**Work instruction**
With pictures left out, set down exactly the lines from the line containing "MILAN, ITALY - NOVEMBER" through the last line of the data.

**Data excerpt**
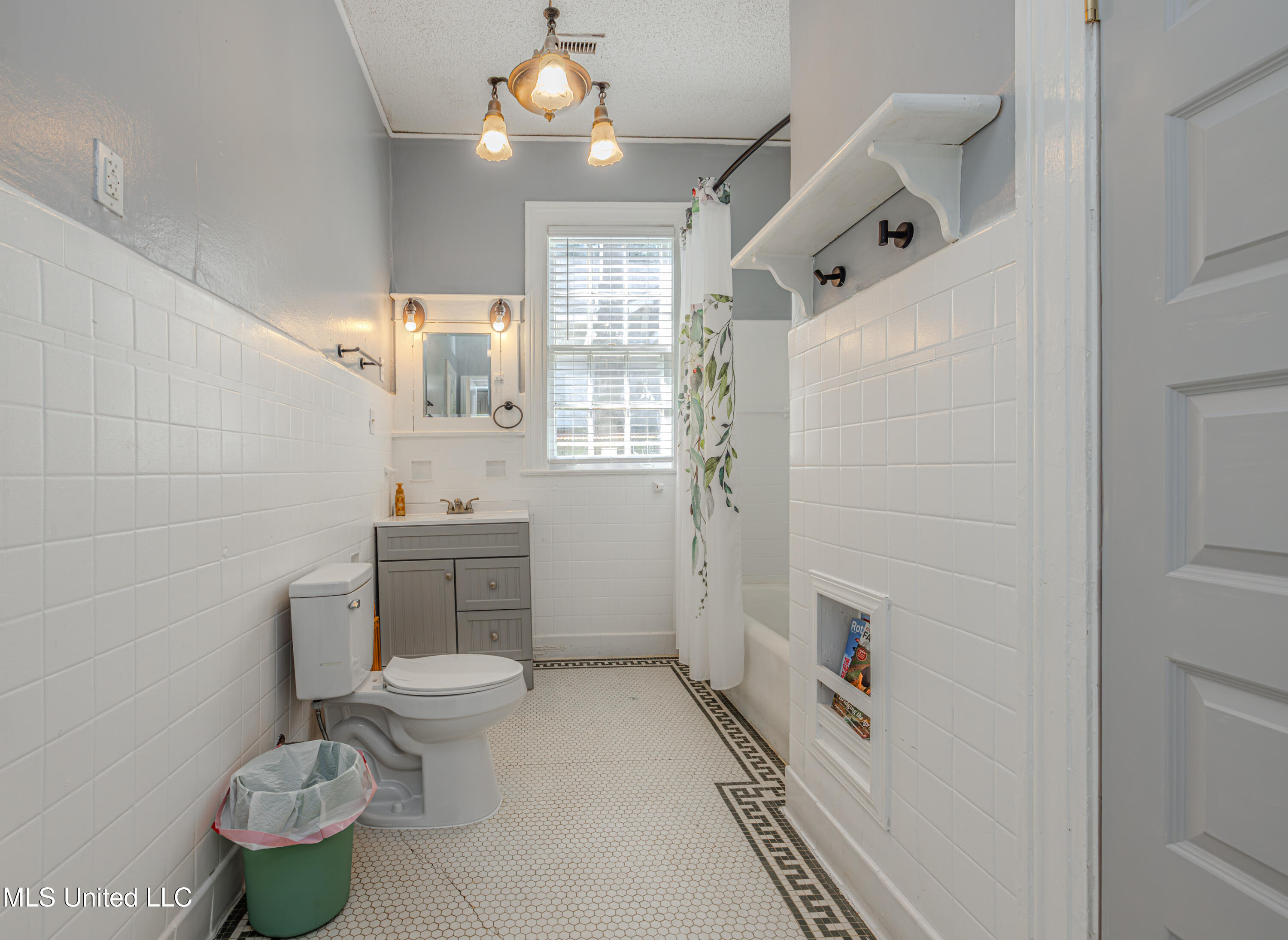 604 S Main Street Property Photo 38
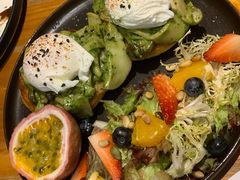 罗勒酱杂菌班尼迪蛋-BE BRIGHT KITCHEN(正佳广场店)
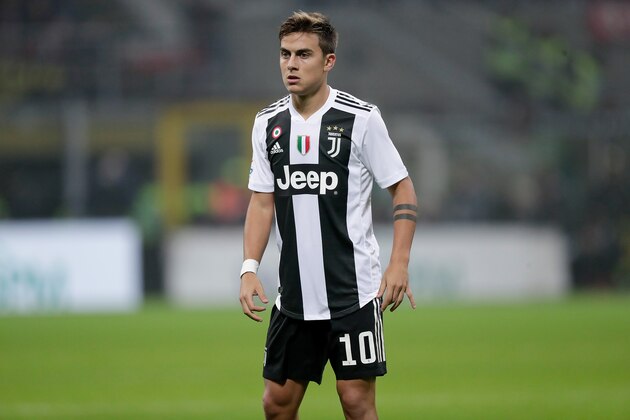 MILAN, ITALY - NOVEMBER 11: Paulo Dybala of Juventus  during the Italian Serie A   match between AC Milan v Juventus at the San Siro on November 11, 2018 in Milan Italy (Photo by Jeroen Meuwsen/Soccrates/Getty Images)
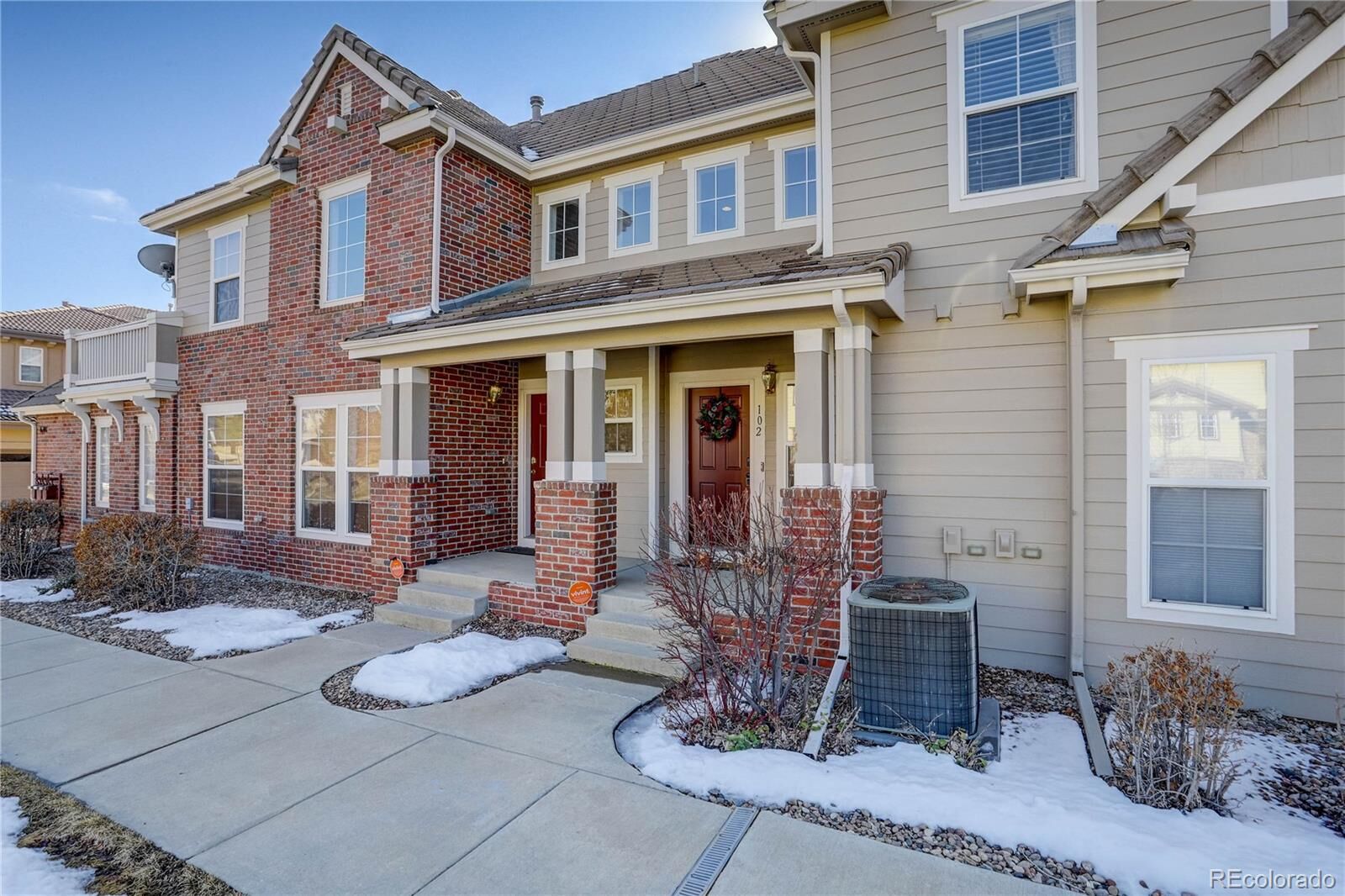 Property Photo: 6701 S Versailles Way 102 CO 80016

**Solution to this task**
 MILAN, ITALY - NOVEMBER 11: Paulo Dybala of Juventus  during the Italian Serie A   match between AC Milan v Juventus at the San Siro on November 11, 2018 in Milan Italy (Photo by Jeroen Meuwsen/Soccrates/Getty Images)
 Property Photo: 6701 S Versailles Way 102 CO 80016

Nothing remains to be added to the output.